- _Saved entries_
=====

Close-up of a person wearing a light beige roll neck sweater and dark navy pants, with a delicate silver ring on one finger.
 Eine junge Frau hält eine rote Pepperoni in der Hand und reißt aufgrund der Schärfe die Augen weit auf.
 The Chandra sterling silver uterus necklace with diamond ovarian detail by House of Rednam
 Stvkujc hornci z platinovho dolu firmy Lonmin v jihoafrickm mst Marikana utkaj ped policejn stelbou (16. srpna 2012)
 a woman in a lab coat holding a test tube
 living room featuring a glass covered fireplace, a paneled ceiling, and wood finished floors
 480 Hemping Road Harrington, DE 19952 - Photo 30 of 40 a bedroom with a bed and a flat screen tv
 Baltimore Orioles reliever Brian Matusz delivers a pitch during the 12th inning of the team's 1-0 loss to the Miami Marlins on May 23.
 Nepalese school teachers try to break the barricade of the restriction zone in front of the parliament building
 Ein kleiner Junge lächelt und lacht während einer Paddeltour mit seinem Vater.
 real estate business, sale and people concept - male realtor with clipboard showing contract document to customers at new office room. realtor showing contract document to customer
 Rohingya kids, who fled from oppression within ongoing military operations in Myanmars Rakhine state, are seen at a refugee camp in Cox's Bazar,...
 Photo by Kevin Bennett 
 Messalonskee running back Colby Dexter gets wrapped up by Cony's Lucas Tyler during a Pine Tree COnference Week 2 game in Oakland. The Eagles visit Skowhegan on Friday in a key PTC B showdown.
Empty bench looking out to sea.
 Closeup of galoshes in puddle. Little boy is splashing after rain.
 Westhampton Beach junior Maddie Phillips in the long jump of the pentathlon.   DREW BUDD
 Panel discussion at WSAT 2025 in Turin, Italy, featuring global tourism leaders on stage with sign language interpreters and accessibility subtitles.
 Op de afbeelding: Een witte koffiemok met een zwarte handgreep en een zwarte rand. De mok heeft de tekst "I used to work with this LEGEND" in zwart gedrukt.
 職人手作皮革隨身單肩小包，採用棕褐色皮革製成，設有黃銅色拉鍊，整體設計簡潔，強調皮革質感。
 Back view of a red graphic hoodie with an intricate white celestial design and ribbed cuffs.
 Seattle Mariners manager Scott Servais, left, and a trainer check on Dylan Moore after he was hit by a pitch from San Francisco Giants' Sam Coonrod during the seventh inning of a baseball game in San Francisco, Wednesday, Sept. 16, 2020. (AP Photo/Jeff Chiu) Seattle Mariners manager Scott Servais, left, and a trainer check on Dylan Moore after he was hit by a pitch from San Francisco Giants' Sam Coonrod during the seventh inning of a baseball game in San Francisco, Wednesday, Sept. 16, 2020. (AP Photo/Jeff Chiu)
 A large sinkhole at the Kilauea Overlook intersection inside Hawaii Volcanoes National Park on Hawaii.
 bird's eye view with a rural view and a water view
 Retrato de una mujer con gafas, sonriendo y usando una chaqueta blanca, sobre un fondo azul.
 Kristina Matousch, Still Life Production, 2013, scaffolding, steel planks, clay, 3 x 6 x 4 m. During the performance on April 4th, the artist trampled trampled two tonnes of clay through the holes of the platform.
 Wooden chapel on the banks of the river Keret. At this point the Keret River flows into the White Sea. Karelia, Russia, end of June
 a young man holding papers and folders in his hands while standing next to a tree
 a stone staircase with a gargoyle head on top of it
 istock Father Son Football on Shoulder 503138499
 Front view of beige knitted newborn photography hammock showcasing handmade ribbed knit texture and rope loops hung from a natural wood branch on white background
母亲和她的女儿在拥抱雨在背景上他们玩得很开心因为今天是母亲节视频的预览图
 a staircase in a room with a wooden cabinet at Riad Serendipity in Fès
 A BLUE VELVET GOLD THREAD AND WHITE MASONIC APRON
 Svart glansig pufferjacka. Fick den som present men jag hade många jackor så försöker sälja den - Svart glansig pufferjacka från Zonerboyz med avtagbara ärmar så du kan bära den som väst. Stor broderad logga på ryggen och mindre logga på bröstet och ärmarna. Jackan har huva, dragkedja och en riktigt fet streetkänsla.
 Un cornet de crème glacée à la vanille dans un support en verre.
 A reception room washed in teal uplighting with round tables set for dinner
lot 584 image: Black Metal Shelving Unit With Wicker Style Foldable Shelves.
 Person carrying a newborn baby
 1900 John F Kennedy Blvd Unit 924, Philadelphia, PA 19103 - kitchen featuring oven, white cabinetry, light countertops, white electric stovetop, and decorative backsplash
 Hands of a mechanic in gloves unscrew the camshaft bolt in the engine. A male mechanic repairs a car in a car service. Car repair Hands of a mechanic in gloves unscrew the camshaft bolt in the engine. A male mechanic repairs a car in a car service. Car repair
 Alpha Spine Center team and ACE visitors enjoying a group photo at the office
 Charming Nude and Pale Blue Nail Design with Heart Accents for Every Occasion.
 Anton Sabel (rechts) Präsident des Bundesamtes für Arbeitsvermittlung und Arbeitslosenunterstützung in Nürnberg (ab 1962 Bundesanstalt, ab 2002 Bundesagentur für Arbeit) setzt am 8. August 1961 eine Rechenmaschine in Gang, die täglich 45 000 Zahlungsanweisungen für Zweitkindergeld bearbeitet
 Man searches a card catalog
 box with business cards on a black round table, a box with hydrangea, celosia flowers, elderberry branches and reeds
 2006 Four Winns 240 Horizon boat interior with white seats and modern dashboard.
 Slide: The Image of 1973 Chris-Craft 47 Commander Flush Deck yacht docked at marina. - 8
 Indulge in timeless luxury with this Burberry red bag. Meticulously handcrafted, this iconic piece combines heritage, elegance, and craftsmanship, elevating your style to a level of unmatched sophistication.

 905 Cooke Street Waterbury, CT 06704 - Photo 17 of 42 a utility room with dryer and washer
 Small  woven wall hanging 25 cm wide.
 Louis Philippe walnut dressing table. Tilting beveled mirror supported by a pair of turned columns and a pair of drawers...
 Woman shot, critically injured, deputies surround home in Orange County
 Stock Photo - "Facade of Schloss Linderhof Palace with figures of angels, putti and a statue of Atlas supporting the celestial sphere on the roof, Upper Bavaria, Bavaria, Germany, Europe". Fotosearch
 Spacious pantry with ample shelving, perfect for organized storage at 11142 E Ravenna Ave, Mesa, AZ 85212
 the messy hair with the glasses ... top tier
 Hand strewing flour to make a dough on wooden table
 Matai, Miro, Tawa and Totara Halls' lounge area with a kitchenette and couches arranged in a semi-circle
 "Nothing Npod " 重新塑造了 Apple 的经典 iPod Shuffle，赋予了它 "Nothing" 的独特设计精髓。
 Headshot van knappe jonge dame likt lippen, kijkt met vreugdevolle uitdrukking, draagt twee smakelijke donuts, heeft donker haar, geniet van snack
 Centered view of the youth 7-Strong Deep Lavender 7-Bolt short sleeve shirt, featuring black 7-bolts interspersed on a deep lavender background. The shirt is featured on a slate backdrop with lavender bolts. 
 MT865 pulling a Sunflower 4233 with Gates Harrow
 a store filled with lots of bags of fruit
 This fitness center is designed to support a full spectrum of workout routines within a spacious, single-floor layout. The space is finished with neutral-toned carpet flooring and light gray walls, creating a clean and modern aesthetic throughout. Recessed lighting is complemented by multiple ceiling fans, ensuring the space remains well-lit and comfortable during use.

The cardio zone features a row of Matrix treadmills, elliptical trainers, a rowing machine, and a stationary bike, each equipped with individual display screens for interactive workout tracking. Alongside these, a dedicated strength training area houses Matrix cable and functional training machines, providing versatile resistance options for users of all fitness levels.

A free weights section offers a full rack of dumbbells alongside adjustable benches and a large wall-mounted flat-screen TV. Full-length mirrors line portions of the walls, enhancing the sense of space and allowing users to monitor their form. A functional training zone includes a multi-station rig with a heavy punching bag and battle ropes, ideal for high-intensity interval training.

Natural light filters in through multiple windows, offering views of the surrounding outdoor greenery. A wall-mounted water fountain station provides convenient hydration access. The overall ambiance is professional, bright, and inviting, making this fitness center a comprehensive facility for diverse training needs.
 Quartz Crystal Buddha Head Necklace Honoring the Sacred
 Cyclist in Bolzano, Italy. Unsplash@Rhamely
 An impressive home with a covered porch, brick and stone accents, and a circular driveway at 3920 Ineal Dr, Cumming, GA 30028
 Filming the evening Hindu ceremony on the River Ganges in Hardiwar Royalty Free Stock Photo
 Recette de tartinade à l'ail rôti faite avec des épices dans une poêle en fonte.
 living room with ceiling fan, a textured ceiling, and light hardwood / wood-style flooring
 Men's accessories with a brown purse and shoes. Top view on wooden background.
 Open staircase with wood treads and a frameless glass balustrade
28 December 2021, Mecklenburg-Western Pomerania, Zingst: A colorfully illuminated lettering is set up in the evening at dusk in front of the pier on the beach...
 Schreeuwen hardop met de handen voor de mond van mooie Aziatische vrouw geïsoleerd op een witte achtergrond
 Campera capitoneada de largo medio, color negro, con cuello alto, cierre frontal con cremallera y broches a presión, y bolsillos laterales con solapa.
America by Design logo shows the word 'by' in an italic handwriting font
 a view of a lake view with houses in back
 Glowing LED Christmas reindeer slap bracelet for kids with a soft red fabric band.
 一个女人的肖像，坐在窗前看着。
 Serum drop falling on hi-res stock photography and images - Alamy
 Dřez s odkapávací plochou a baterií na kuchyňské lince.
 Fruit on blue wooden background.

=====

- _What the exercise asks_
The lines above from the one with "Photo/Jeff Chiu) Seattle" through the one with "bird's eye view" are to be duplicated exactly, ends included, with nothing added.

- _Solution for this exercise_
 Seattle Mariners manager Scott Servais, left, and a trainer check on Dylan Moore after he was hit by a pitch from San Francisco Giants' Sam Coonrod during the seventh inning of a baseball game in San Francisco, Wednesday, Sept. 16, 2020. (AP Photo/Jeff Chiu) Seattle Mariners manager Scott Servais, left, and a trainer check on Dylan Moore after he was hit by a pitch from San Francisco Giants' Sam Coonrod during the seventh inning of a baseball game in San Francisco, Wednesday, Sept. 16, 2020. (AP Photo/Jeff Chiu)
 A large sinkhole at the Kilauea Overlook intersection inside Hawaii Volcanoes National Park on Hawaii.
 bird's eye view with a rural view and a water view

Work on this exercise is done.